Short text fragments from websites:

*** Begin section ***

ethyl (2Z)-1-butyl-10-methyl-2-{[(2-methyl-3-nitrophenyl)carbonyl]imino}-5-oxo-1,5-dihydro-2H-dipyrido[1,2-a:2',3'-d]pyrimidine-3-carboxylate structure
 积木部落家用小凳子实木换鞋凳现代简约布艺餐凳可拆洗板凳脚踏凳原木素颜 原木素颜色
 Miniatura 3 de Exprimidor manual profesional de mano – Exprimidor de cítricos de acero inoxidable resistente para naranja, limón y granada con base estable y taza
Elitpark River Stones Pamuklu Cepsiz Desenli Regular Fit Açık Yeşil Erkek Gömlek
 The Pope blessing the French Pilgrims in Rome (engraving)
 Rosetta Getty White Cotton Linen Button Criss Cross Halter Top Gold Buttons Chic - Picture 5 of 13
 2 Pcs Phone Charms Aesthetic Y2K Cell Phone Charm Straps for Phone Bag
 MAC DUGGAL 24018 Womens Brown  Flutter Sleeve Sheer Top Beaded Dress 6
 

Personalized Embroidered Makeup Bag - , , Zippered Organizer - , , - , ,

*** End section ***

:: Exercise ::
Set down the whole of the data, exactly as it stands.

:: Exercise result ::
ethyl (2Z)-1-butyl-10-methyl-2-{[(2-methyl-3-nitrophenyl)carbonyl]imino}-5-oxo-1,5-dihydro-2H-dipyrido[1,2-a:2',3'-d]pyrimidine-3-carboxylate structure
 积木部落家用小凳子实木换鞋凳现代简约布艺餐凳可拆洗板凳脚踏凳原木素颜 原木素颜色
 Miniatura 3 de Exprimidor manual profesional de mano – Exprimidor de cítricos de acero inoxidable resistente para naranja, limón y granada con base estable y taza
Elitpark River Stones Pamuklu Cepsiz Desenli Regular Fit Açık Yeşil Erkek Gömlek
 The Pope blessing the French Pilgrims in Rome (engraving)
 Rosetta Getty White Cotton Linen Button Criss Cross Halter Top Gold Buttons Chic - Picture 5 of 13
 2 Pcs Phone Charms Aesthetic Y2K Cell Phone Charm Straps for Phone Bag
 MAC DUGGAL 24018 Womens Brown  Flutter Sleeve Sheer Top Beaded Dress 6
 

Personalized Embroidered Makeup Bag - , , Zippered Organizer - , , - , ,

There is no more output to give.